Exact reproduction of every record is required, and pictures are to be excluded.
--- START ---
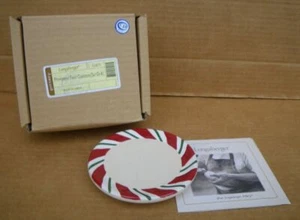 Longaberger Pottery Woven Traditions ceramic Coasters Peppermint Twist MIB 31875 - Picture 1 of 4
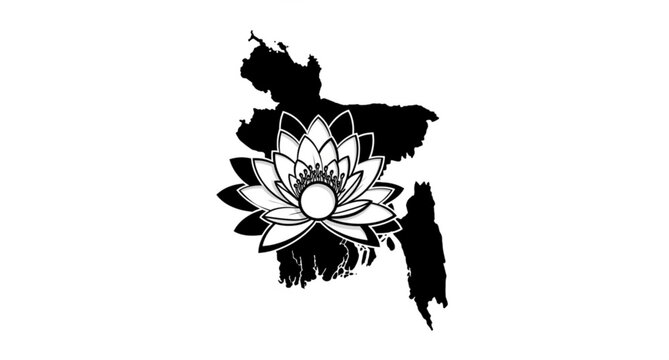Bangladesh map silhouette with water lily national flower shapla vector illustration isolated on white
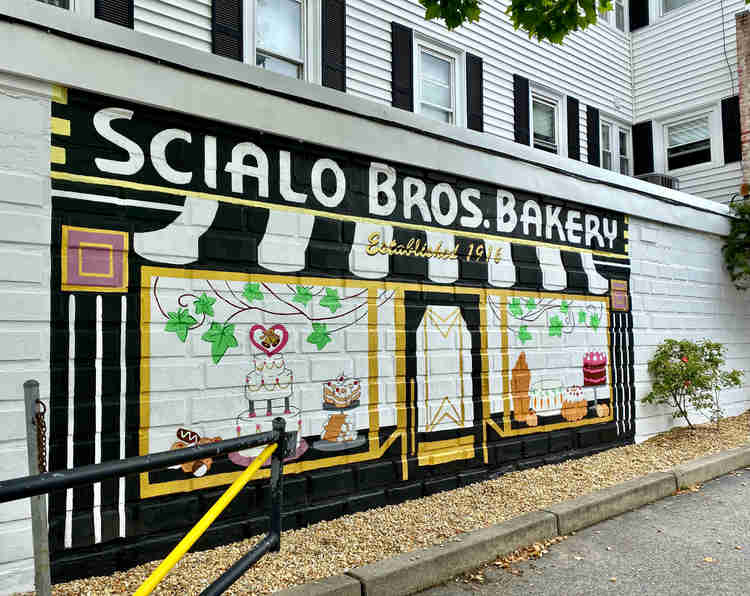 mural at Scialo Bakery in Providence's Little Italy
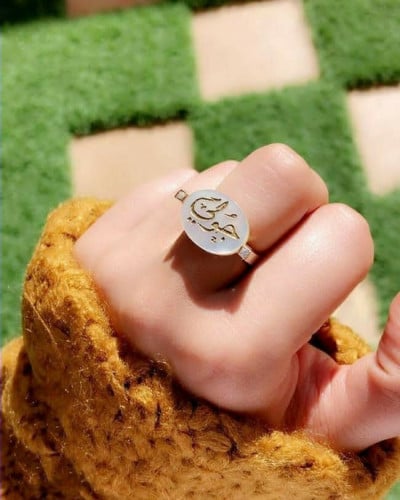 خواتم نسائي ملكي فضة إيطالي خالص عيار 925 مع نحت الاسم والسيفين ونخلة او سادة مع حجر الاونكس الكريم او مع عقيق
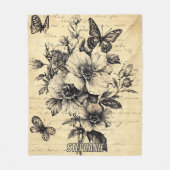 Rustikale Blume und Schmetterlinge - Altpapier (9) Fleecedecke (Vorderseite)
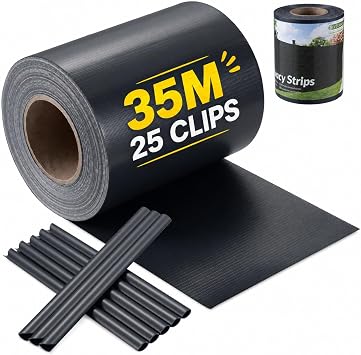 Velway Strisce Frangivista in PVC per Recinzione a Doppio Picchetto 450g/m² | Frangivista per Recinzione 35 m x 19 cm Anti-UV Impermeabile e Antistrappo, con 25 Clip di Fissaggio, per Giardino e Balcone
--- END ---
**Exercise result:**
 Longaberger Pottery Woven Traditions ceramic Coasters Peppermint Twist MIB 31875 - Picture 1 of 4
Bangladesh map silhouette with water lily national flower shapla vector illustration isolated on white
 mural at Scialo Bakery in Providence's Little Italy
 خواتم نسائي ملكي فضة إيطالي خالص عيار 925 مع نحت الاسم والسيفين ونخلة او سادة مع حجر الاونكس الكريم او مع عقيق
 Rustikale Blume und Schmetterlinge - Altpapier (9) Fleecedecke (Vorderseite)
 Velway Strisce Frangivista in PVC per Recinzione a Doppio Picchetto 450g/m² | Frangivista per Recinzione 35 m x 19 cm Anti-UV Impermeabile e Antistrappo, con 25 Clip di Fissaggio, per Giardino e Balcone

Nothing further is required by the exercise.